Le statut du Rassemblement
• Le Cheikh al-Alawî invitait tous les fuqarâs, sans distinction. Il invitait également des universitaires, des responsables gouvernementaux locaux et les adeptes d'autres ordres s'ils souhaitent participer, cependant sous conditions, ils devraient respecter les statuts de l'ordre Alawî, et ne pas essayer de prendre le contrôle du rassemblement. Ils ne devraient pas réciter des poèmes ou d'accomplir un acte jusqu'à ce qu'ils aient demandé la permission de l'hôte lui-même.
• La célébration ne devait en aucun cas, et par n'importe quel moyen, entrer en conflit avec la loi divine (Sharî'a). Les frères étaient tous priés à s'asseoir ensemble et à se rappeler Dieu et enseigner aux autres l'approche de Dieu.
• Les intervenants ne devraient pas prolonger leurs discours pour que le public ne se soit pas fatigué ou lassé.
• L'organisateur de l'événement doit être un maître de la voie autorisé par un précédent maître. Il devrait également avoir les connaissances requises sur la manière d'organiser l'événement de la meilleure façon possible. Il ne devrait pas être influencé par des suggestions venant de personnes qui n'ont pas de connaissance sur la voie, ce qui pourrait mettre tout l'événement en échec.

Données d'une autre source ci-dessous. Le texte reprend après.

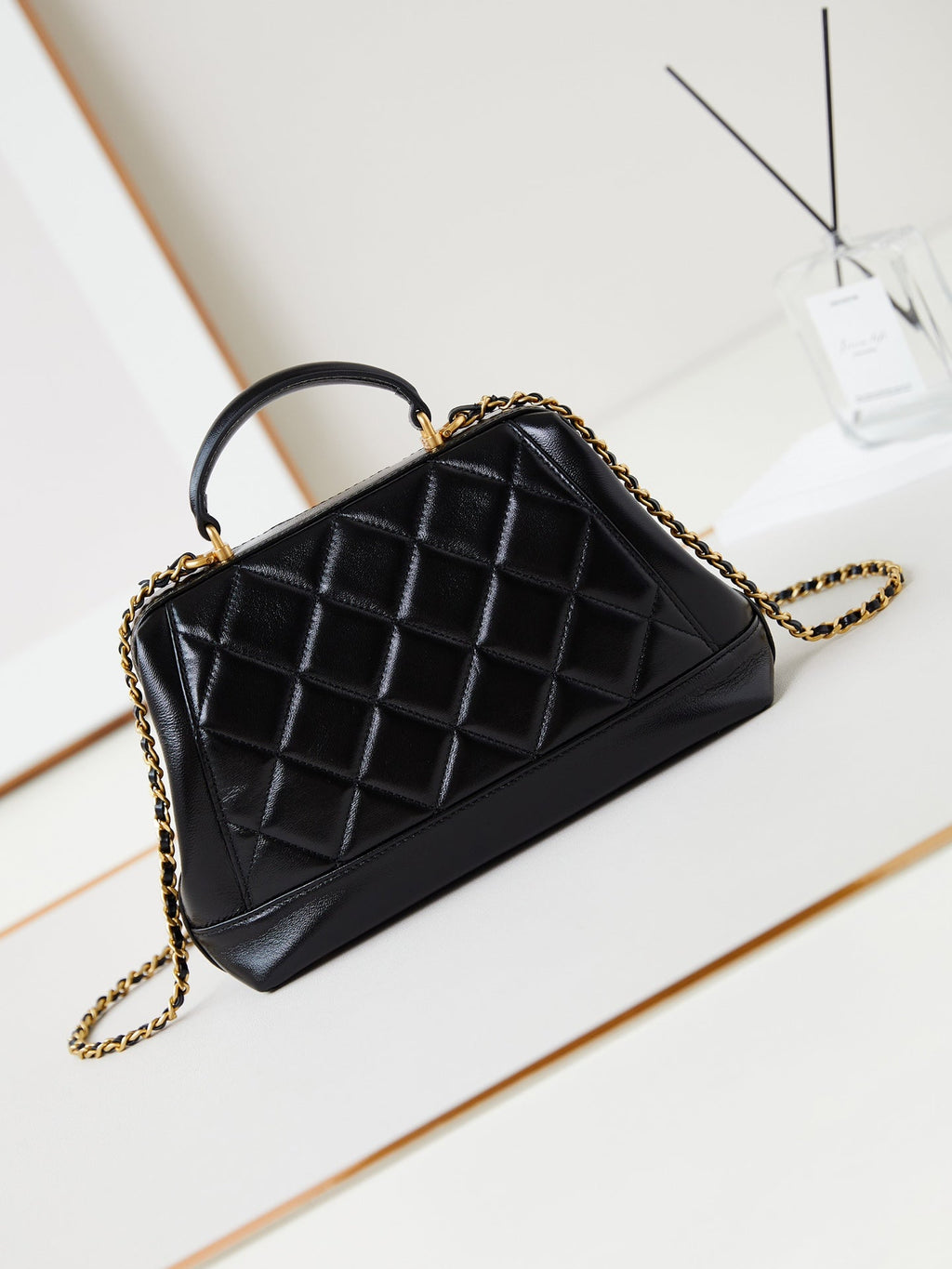 CC 24A TOP HANDLE 23.5CM BLACK WAX LEATHER GOLD HARDWARE 238469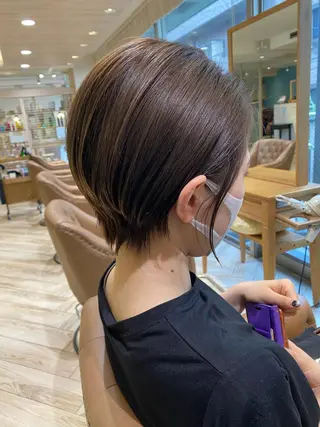 ショート BiBi 藤野あゆみのヘアスタイル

• Tous les participants doivent venir avec l'intention d'invoquer Dieu Seul. Ils ne doivent porter que de l'amour pour leurs autres frères. Ils doivent représenter l'ordre et le respecter. Ils ne doivent pas se raser et ne doivent pas porter autre chose que la tenue vestimentaire islamique, comme une «Djellaba» blanche avec leurs chapelets accrochés autour de leurs cous, afin que les personnes présentes voient la beauté de l'ordre, et surtout la nécessité de se faire distinguer des autres, en étant les hommes de Dieu.

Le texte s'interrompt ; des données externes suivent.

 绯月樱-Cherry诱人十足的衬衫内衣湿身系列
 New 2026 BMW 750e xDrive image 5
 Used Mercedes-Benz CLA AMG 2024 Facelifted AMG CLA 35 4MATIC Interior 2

• Les meilleurs chanteurs doivent être choisis, et ils doivent chanter les recueils de poèmes du Cheikh al-Alawî ou de certains de ses disciples, pour que les gens écoutent ce que l'ordre a d'enseignements.

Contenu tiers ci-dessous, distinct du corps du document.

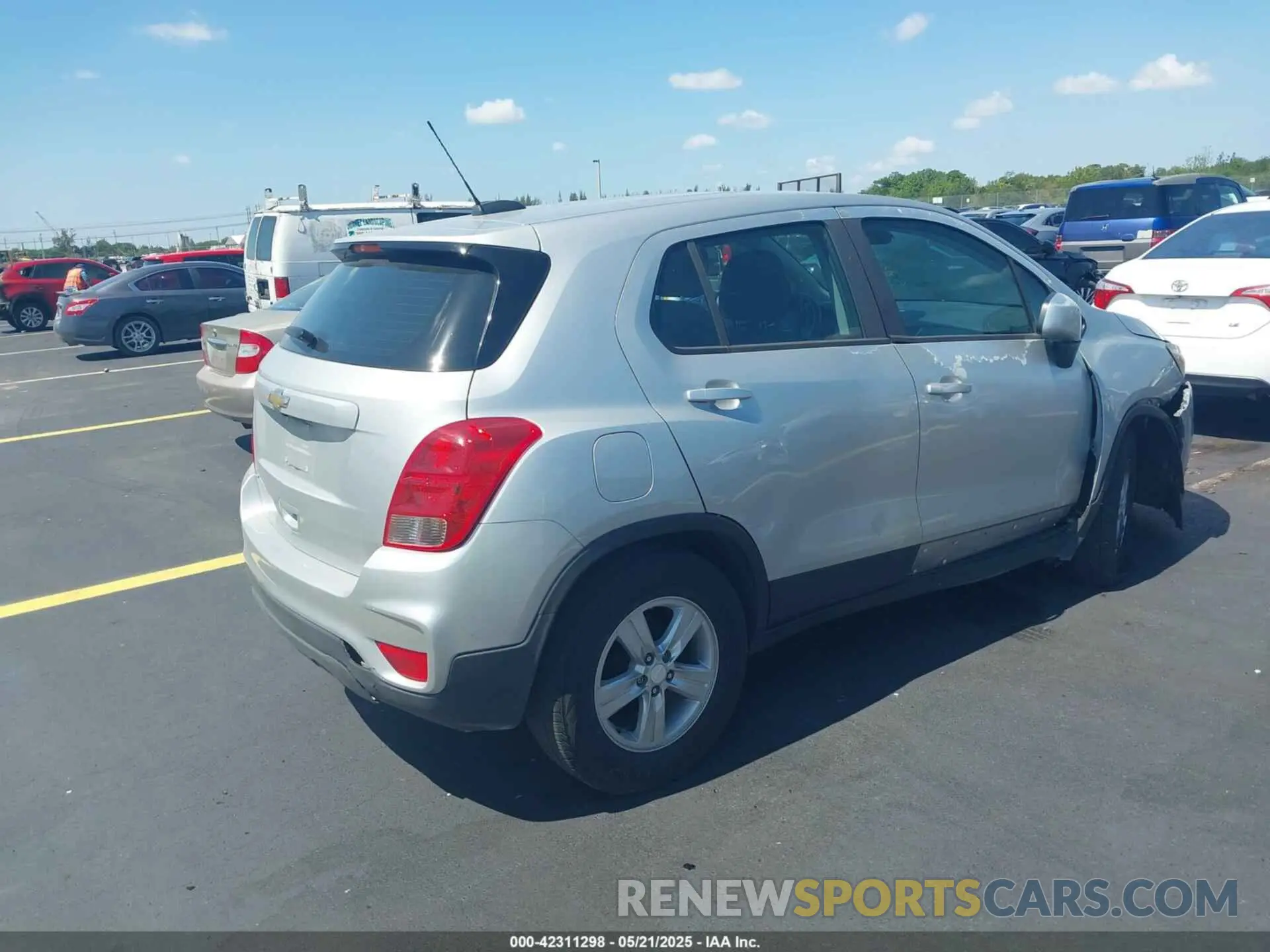 4 Photograph of a damaged car 3GNCJKSB3KL332144 CHEVROLET TRAX 2019
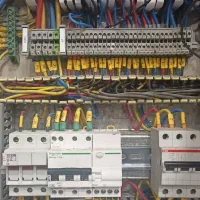 برقکاری  برق کار رفع اتصالی
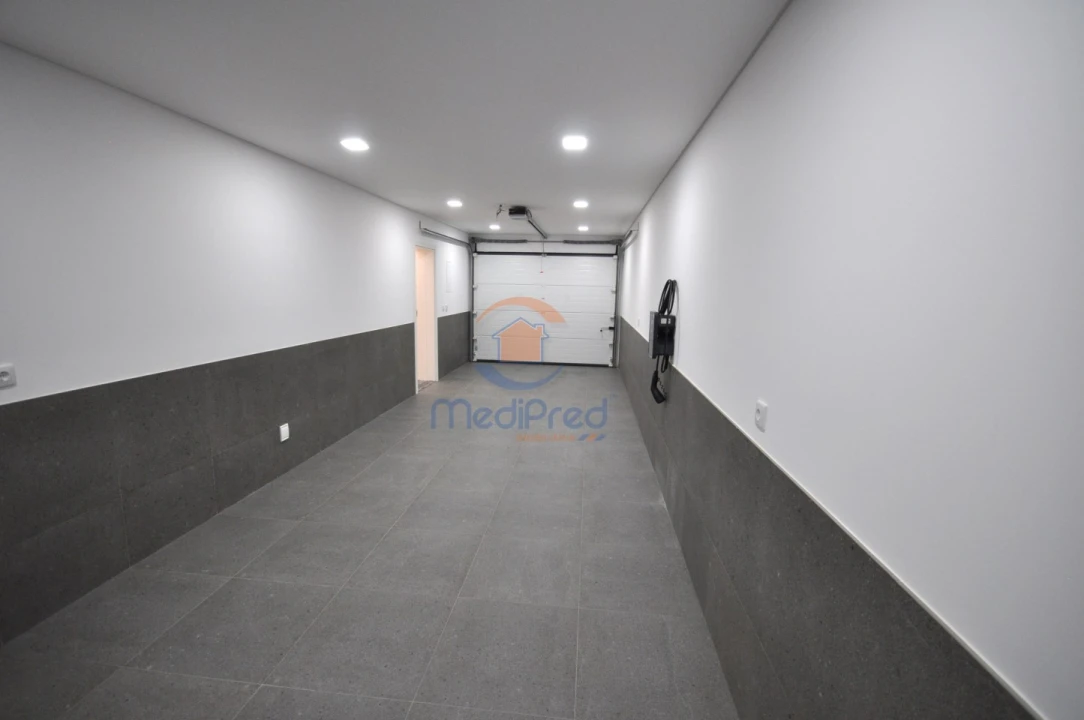 Moradia T4 para Venda em Loures Foto 16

• Les fuqarâs doivent éviter de laisser assister n'importe qui, pour que l'événement ne soit pas gâché par les mauvaises conduites et le mauvais comportement de certains.
• Les participants doivent respecter les pratiques de nos pieux prédécesseurs qui nous ont apporté cet ordre. Quand ils viennent à la Zawiya ou chez l'un des fuqarâs, ils doivent entrer en disant à haute voix le témoignage de la foi. Ils ne doivent pas regarder en bas [1] ou parler d'autres sujets lors des pratiques, tels que la Hadra ou en récitant les invocations à haute voix à l'unisson, car cela pourra les nuire et gêner les autres frères.
• Il ne faut en aucun cas intercaler entre les deux sexes, tout au long de l'événement. Il doit y avoir une barrière entre eux qui empêche tout contact afin que les cœurs restent sains et pures. [2]

Notes :
[1] Sens de la phrase incompréhensible, si ce n'est, ne pas baisser la tête !?
[2] A l'époque du Cheikh al-Alawî il n'y avait pas de plaques indiquant les emplacements (hommes / femmes). Il y avait, certes, un espace spécialement pour les femmes afin d'invoquer Dieu Tout-Puissant, toute fois, il était impensable qu'on laisserait une jeune fille apparaître en compagnie d'hommes, et de même, un jeune garçon apparaître en la compagnie des femmes.

Idris, faqîr Alawî, disciple du Cheikh Būzīdī Bujrāfī, Maroc.